With the caveat that I may be an ignorant male or something, I find (unlike the rest of the article) the problem list credited to Jean T. Anderson of "the most significant barriers to female free/open source software participation" is disturbing. Most of it seems like it's stuff that makes everyone (male or female) uncomfortable, and it's not particularly endemic to IT, and it's also largely stuff that all people of all genders need to get over to be effective in a work environment. I don't mean to say there's not a real phenomenon that makes things problematic for women, I just suspect that there must be some other undercurrent that the list doesn't capture, because frankly, most women that I know can overcome those things just as well as most men that I know can, and the way I read the list, it's actually demeaning and disempowering toward women in that it implies that they somehow deserve or require some special treatment to overcome some sort of intrinsic disability.

But hey, maybe the list was taken out of context, or maybe I'm a sexist pig... although in my defense for the latter, I offer a SIGGRAPH horror story:

A young, female undergrad looking for a job after she finishes her BS or MS or something goes to a major animation house's booth, and this dialog ensues:

STUDENT: I'd like to drop off a resume with you.
BOOTH WEENIE: sorry, we're not hiring artists right now.
STUDENT (annoyed): I'm not an artist, I'm looking for a programming position
WEENIE (incredulous): but... you're a girl!

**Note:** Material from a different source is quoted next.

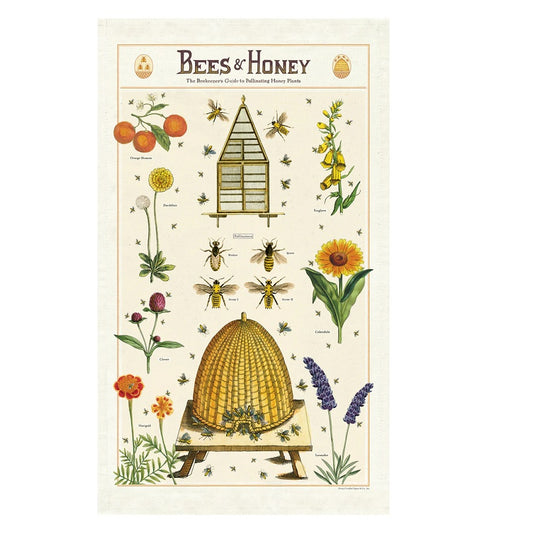 Cavallini Tea Towel-Bees And Honey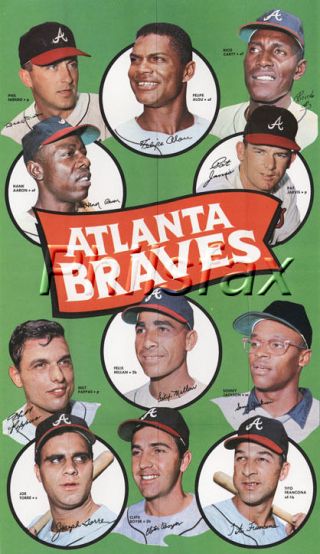 1969 Atlanta Braves Topps Team Player 8 1/2 " X 11 " Color Print Poster W/aaron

apparently, at this point the shit hit the fan, and things worked out at least to the level where there was a formal apology made from some upper management person, but the fact that WEENIE exists at all and was allowed to represent the company at a trade show is pretty strong evidence that there is a serious problem. But if making a bullet list, I'd rank that more as "people with influence in the hiring process at major companies actually believe that a penis is required to write software" than any "women are afraid they might get flamed or look stupid" sort of category.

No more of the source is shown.